Patel later denied ever discussing Ukraine with the president. “A number of media outlets have falsely reported that, as senior director for counterterrorism on the National Security Council, I have communicated with President Trump regarding Ukraine,” Patel told Axios at the time.” At no time have I ever communicated with the president on any matters involving Ukraine. Any reporting to the contrary, and any testimony provided to Congress, is simply false, and any current or former staff who suggest I have raised or discussed Ukraine matters with President Trump, are similarly misinformed or spreading outright falsehoods.”

Before his Pentagon appointment, Patel served as the deputy assistant to the president and senior director for Counterterrorism (CT) at the National Security Council (NSC). He also served as principal deputy to the Acting Director of National Intelligence, “where he oversaw the operations of all 17 intelligence community agencies and provided the president’s daily briefing,” per his Department of Defense profile.

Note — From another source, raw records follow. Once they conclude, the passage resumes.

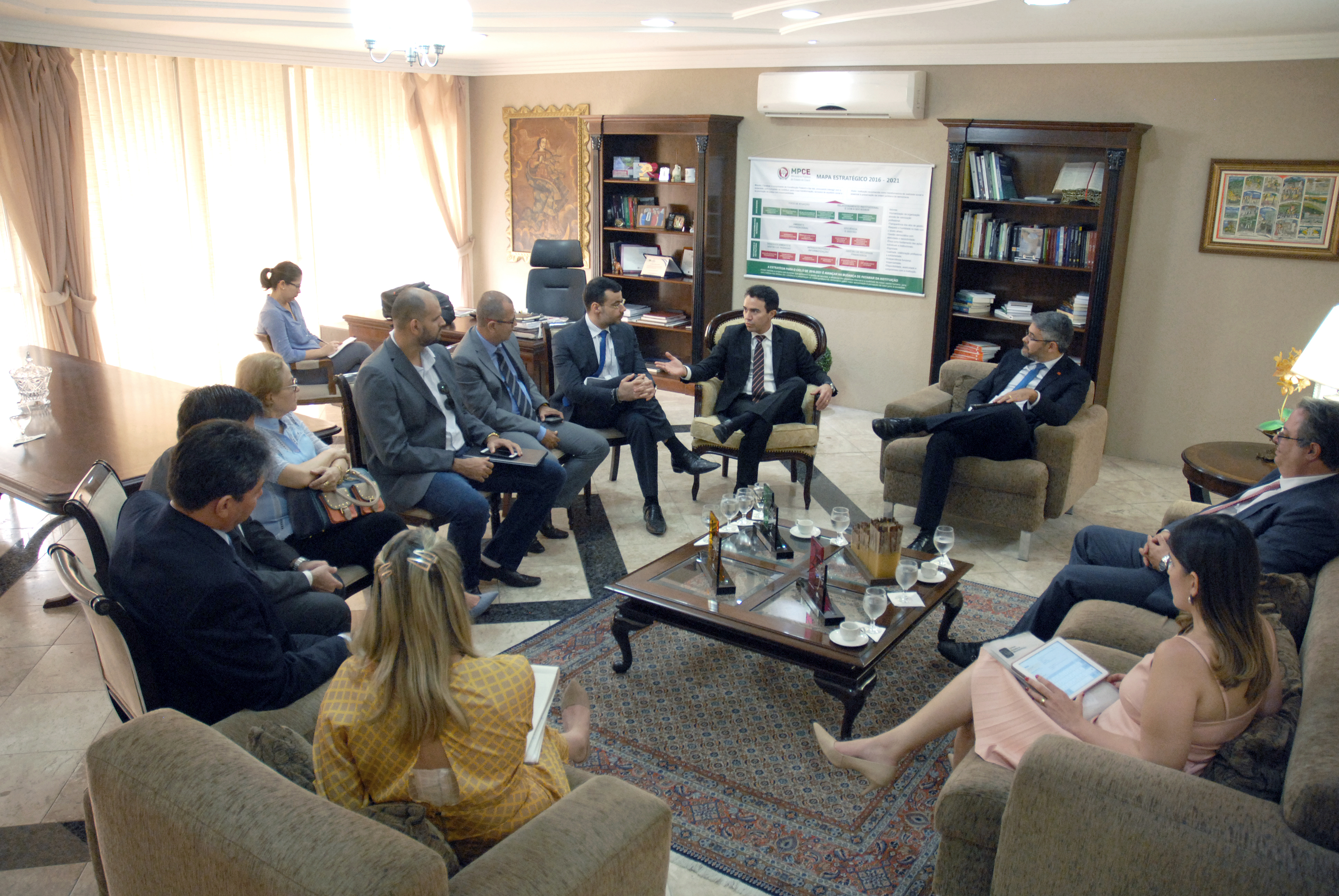 Controladoria Geral de Disciplina participa de reunião sobre sistema prisional no MPCE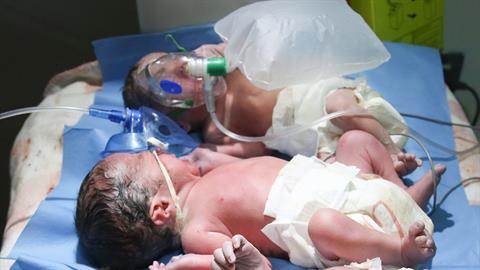 3 αδέρφια έγιναν μπαμπάδες την ίδια μέρα, με λίγες ώρες διαφορά!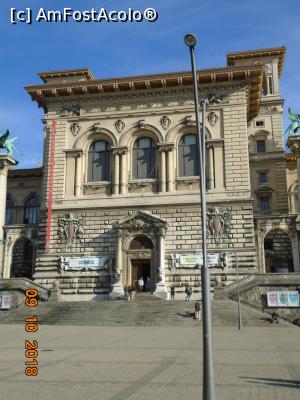 [P29] Palatul Rumine - intrarea principală » foto by Mitica49
 - 
<span class="allrVoted glyphicon glyphicon-heart hidden" id="av1078158"></span>
<a class="m-l-10 hidden" id="sv1078158" onclick="voting_Foto_DelVot(,1078158,10638)" role="button">șterge vot <span class="glyphicon glyphicon-remove"></span></a>
<a id="v91078158" class=" c-red"  onclick="voting_Foto_SetVot(1078158)" role="button"><span class="glyphicon glyphicon-heart-empty"></span> <b>LIKE</b> = Votează poza</a> <img class="hidden"  id="f1078158W9" src="/imagini/loader.gif" border="0" /><span class="AjErrMes hidden" id="e1078158ErM"></span>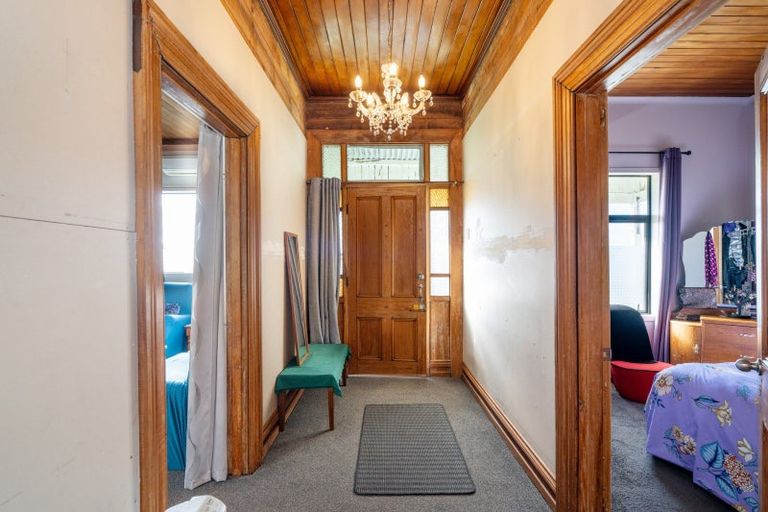 Photo of property in 6 Ocean Beach Road, Bluff, 9814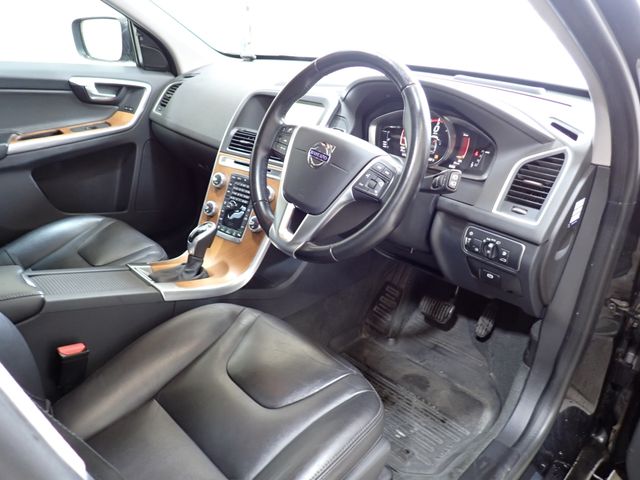 VOLVO VOLVO XC60 2017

Before joining the NSC, Patel served as the National Security Advisor and Senior Counsel for the House Permanent Select Committee on Intelligence (HPSCI), which he joined following his tenure as a terrorism prosecutor at the Department of Justice (DOJ). He also served as the DOJ Liaison Officer to Joint Special Operations Command (JSOC), “working with our nation’s most prestigious counterterrorism units to conduct collaborative global targeting operations against high-value terrorism targets,” his DOD profile says.

Patel began his career as a public defender, trying scores of complex cases ranging from murder to narco-trafficking, to complex financial crimes in jury trials in state and federal courts.

A native of New York, Patel completed his undergraduate studies at the University of Richmond before returning to New York to earn his law degree, along with a Certificate in International Law from University College London Faculty of Laws in the United Kingdom.